Every entry, from first to last, is to be written out exactly.

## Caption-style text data
□ □ □ □ □ □ □
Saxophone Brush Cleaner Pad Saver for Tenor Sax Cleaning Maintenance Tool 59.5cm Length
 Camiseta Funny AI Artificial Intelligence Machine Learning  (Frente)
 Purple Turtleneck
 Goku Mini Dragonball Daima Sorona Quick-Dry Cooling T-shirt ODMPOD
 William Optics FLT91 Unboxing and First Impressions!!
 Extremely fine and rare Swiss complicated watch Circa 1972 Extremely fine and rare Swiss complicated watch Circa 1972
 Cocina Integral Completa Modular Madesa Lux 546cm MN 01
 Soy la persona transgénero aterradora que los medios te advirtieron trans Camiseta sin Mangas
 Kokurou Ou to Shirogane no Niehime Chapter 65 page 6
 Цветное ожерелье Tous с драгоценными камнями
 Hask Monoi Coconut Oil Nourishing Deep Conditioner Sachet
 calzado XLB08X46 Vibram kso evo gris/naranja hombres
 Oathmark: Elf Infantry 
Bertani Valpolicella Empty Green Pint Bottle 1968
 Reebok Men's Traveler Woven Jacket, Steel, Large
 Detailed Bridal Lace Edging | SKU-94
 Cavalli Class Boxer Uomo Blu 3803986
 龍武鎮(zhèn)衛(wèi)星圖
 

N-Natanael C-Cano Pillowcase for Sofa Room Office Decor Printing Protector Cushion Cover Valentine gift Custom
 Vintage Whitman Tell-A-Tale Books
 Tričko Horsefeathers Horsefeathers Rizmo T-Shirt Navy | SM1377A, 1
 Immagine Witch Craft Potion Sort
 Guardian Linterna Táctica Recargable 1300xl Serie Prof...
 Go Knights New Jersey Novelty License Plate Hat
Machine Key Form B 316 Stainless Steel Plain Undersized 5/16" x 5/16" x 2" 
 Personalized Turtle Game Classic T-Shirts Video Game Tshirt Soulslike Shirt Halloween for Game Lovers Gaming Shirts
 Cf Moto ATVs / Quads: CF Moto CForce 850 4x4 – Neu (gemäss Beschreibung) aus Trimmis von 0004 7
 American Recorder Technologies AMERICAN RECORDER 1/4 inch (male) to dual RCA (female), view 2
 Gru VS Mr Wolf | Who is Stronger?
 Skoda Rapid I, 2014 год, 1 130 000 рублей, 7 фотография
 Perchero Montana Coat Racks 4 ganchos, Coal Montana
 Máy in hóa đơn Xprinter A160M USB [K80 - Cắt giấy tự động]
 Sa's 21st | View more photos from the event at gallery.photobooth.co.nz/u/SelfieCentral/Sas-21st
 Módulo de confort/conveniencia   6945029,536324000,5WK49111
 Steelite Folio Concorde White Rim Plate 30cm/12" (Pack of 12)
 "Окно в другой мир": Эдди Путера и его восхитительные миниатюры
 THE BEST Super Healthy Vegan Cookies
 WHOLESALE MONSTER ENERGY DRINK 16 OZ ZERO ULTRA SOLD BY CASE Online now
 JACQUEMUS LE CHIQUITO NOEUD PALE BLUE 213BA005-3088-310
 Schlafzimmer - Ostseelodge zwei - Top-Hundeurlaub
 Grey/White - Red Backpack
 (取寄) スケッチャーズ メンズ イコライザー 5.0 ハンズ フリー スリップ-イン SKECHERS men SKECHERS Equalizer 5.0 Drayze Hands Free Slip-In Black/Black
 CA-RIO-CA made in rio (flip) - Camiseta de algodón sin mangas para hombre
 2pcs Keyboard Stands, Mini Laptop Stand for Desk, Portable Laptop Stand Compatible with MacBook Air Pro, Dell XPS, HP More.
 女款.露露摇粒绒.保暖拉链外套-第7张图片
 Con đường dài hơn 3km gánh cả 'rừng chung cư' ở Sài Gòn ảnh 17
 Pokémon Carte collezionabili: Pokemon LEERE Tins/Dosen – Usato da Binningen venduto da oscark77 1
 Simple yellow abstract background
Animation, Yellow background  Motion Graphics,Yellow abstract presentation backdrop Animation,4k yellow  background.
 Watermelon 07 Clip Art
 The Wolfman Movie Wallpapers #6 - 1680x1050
□ □ □ □ □ □ □
## Worked solution
Saxophone Brush Cleaner Pad Saver for Tenor Sax Cleaning Maintenance Tool 59.5cm Length
 Camiseta Funny AI Artificial Intelligence Machine Learning  (Frente)
 Purple Turtleneck
 Goku Mini Dragonball Daima Sorona Quick-Dry Cooling T-shirt ODMPOD
 William Optics FLT91 Unboxing and First Impressions!!
 Extremely fine and rare Swiss complicated watch Circa 1972 Extremely fine and rare Swiss complicated watch Circa 1972
 Cocina Integral Completa Modular Madesa Lux 546cm MN 01
 Soy la persona transgénero aterradora que los medios te advirtieron trans Camiseta sin Mangas
 Kokurou Ou to Shirogane no Niehime Chapter 65 page 6
 Цветное ожерелье Tous с драгоценными камнями
 Hask Monoi Coconut Oil Nourishing Deep Conditioner Sachet
 calzado XLB08X46 Vibram kso evo gris/naranja hombres
 Oathmark: Elf Infantry 
Bertani Valpolicella Empty Green Pint Bottle 1968
 Reebok Men's Traveler Woven Jacket, Steel, Large
 Detailed Bridal Lace Edging | SKU-94
 Cavalli Class Boxer Uomo Blu 3803986
 龍武鎮(zhèn)衛(wèi)星圖
 

N-Natanael C-Cano Pillowcase for Sofa Room Office Decor Printing Protector Cushion Cover Valentine gift Custom
 Vintage Whitman Tell-A-Tale Books
 Tričko Horsefeathers Horsefeathers Rizmo T-Shirt Navy | SM1377A, 1
 Immagine Witch Craft Potion Sort
 Guardian Linterna Táctica Recargable 1300xl Serie Prof...
 Go Knights New Jersey Novelty License Plate Hat
Machine Key Form B 316 Stainless Steel Plain Undersized 5/16" x 5/16" x 2" 
 Personalized Turtle Game Classic T-Shirts Video Game Tshirt Soulslike Shirt Halloween for Game Lovers Gaming Shirts
 Cf Moto ATVs / Quads: CF Moto CForce 850 4x4 – Neu (gemäss Beschreibung) aus Trimmis von 0004 7
 American Recorder Technologies AMERICAN RECORDER 1/4 inch (male) to dual RCA (female), view 2
 Gru VS Mr Wolf | Who is Stronger?
 Skoda Rapid I, 2014 год, 1 130 000 рублей, 7 фотография
 Perchero Montana Coat Racks 4 ganchos, Coal Montana
 Máy in hóa đơn Xprinter A160M USB [K80 - Cắt giấy tự động]
 Sa's 21st | View more photos from the event at gallery.photobooth.co.nz/u/SelfieCentral/Sas-21st
 Módulo de confort/conveniencia   6945029,536324000,5WK49111
 Steelite Folio Concorde White Rim Plate 30cm/12" (Pack of 12)
 "Окно в другой мир": Эдди Путера и его восхитительные миниатюры
 THE BEST Super Healthy Vegan Cookies
 WHOLESALE MONSTER ENERGY DRINK 16 OZ ZERO ULTRA SOLD BY CASE Online now
 JACQUEMUS LE CHIQUITO NOEUD PALE BLUE 213BA005-3088-310
 Schlafzimmer - Ostseelodge zwei - Top-Hundeurlaub
 Grey/White - Red Backpack
 (取寄) スケッチャーズ メンズ イコライザー 5.0 ハンズ フリー スリップ-イン SKECHERS men SKECHERS Equalizer 5.0 Drayze Hands Free Slip-In Black/Black
 CA-RIO-CA made in rio (flip) - Camiseta de algodón sin mangas para hombre
 2pcs Keyboard Stands, Mini Laptop Stand for Desk, Portable Laptop Stand Compatible with MacBook Air Pro, Dell XPS, HP More.
 女款.露露摇粒绒.保暖拉链外套-第7张图片
 Con đường dài hơn 3km gánh cả 'rừng chung cư' ở Sài Gòn ảnh 17
 Pokémon Carte collezionabili: Pokemon LEERE Tins/Dosen – Usato da Binningen venduto da oscark77 1
 Simple yellow abstract background
Animation, Yellow background  Motion Graphics,Yellow abstract presentation backdrop Animation,4k yellow  background.
 Watermelon 07 Clip Art
 The Wolfman Movie Wallpapers #6 - 1680x1050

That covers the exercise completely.